**The data:**
*** Begin section ***

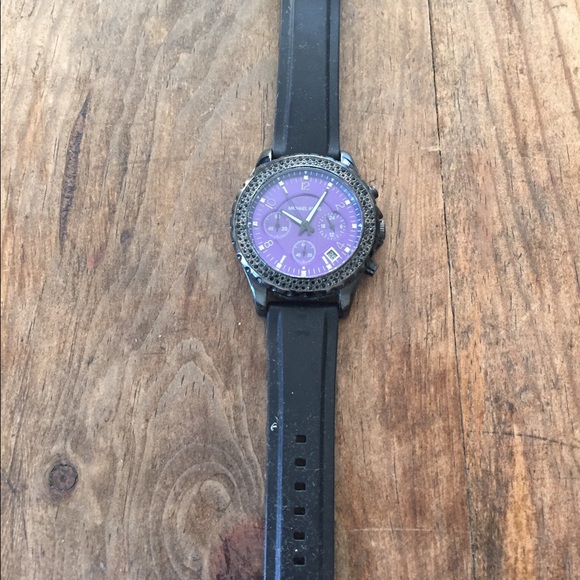Michael Kors Watch (Authentic) - image 2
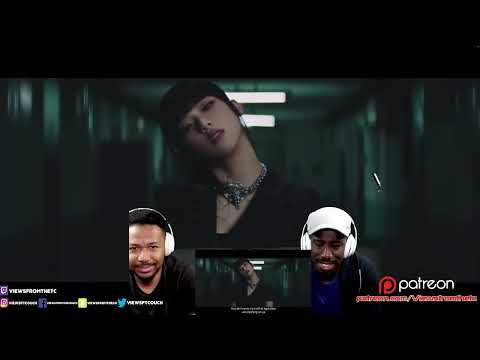 BABYMONSTER - ‘WE GO UP’ M/V VFTC Reaction!!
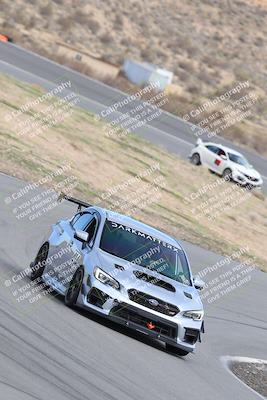 media/Feb-18-2023-Extreme Speed (Sat) [[de2b3d40e2]]/2-Green/session 2 turn 9/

*** End section ***

Return every line of the listing exactly, leaving its pictures behind.

**Task answer:**
Michael Kors Watch (Authentic) - image 2
 BABYMONSTER - ‘WE GO UP’ M/V VFTC Reaction!!
 media/Feb-18-2023-Extreme Speed (Sat) [[de2b3d40e2]]/2-Green/session 2 turn 9/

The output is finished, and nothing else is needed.